Here is a detailed summary of the video transcription in markdown format, broken down into sections for better readability:
Varying Mental Models
- People can look at the same window but see different things - one might notice a beautiful tree, while another sees a cool car.
- Without each other's perspectives, the mental model is incomplete, which is often seen in incident reviews.
- The "line of representation" separates the cognitive work (below the line) from what is visible above the line.
- Those working above the line continuously build and refresh their models of what lies below, which is critical for understanding system resilience and adaptive capacity.
A Tale of Two Incident Reviews
Incident Review 1 (Templated Approach)
- This was a seemingly innocuous incident with little customer impact, handled with a templated approach.
- The purpose was to file a report, not to engage in learning.
- The incident review provided limited context, raising more questions than answers for a new team member.
- The language used was often counterfactual, suggesting "should haves" rather than describing what actually happened.
Incident Review 2 (Cognitive Work Approach)
- This review was conducted by an engineer outside the main team, providing a fresh perspective.
- It focused on the cognitive work, examining how people communicated during the incident.
- The review included evidence from previous deploys, involved teams not previously included, and aimed to engage the audience.
- It leveraged various data sources, including chat logs, written communication, video recordings, and understanding the people involved.
Lessons Learned
- The more fields in a template, the less people think about what really happened.
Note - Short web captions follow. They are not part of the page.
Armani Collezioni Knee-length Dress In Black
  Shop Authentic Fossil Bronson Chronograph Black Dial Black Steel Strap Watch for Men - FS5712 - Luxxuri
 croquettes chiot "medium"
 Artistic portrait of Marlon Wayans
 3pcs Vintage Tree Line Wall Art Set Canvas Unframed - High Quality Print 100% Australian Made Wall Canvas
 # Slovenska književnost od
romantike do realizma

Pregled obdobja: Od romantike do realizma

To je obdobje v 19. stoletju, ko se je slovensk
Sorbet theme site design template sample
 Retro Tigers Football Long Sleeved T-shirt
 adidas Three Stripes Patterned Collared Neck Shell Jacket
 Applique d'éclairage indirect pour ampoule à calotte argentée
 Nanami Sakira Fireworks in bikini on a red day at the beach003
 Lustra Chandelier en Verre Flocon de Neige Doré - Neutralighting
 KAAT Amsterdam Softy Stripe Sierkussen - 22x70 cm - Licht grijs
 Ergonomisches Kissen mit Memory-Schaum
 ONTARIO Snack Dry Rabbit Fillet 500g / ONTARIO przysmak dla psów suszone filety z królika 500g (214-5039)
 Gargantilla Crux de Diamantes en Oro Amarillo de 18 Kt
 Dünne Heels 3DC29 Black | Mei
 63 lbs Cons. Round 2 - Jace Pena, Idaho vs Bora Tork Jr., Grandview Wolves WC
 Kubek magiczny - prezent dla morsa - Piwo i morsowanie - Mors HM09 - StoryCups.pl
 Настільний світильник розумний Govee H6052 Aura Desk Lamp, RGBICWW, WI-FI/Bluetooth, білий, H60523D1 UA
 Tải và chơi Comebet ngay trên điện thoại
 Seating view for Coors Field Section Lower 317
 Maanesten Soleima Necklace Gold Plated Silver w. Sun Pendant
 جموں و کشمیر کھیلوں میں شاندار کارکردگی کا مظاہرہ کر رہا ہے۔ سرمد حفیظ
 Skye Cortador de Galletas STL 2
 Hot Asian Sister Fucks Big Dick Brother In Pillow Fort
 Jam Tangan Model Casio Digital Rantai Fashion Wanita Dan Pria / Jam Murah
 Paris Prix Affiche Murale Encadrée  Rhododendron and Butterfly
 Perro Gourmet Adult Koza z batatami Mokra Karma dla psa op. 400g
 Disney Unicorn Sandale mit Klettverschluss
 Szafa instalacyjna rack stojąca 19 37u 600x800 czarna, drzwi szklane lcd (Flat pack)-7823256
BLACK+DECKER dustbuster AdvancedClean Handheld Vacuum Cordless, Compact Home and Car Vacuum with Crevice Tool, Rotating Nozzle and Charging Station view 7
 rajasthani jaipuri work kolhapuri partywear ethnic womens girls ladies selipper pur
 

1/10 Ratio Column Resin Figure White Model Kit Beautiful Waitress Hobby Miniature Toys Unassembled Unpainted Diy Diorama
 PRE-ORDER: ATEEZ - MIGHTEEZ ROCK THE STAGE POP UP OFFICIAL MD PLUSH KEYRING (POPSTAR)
- Focusing on the cognitive work and how people communicated provides valuable insights.
- Involving a diverse set of stakeholders, including frontline support, dependent teams, future project managers, executives, and the wider organization, can lead to more learning opportunities.
- Communication dissemination and knowledge sharing are crucial, as there is no single right way to do this.
- Cognitive questioning and establishing rapport can help build trust and elicit more information from experts.
- Continuous learning from incidents can lead to onboarding, professional development, meta-analysis, and identifying knowledge gaps.
- Not every incident is worthy of a deep dive, but relating incidents over time can reveal valuable insights.
Circle CI's Journey
- Circle CI's reliability journey, starting from writing monthly blog posts about their challenges to eventually seeing reliability as a competitive strength.
- The formation of a "tiger team" to personally attend every incident and understand the underlying issues.
- Experimentation with different incident management tools, ultimately leading to the integration of jelly (now part of PagerDuty) to improve coordination and communication.
- The importance of extracting knowledge from experts to build up other team members and avoid single points of failure.
- Leveraging automation and tooling to reduce the coordination and communication burden during incidents.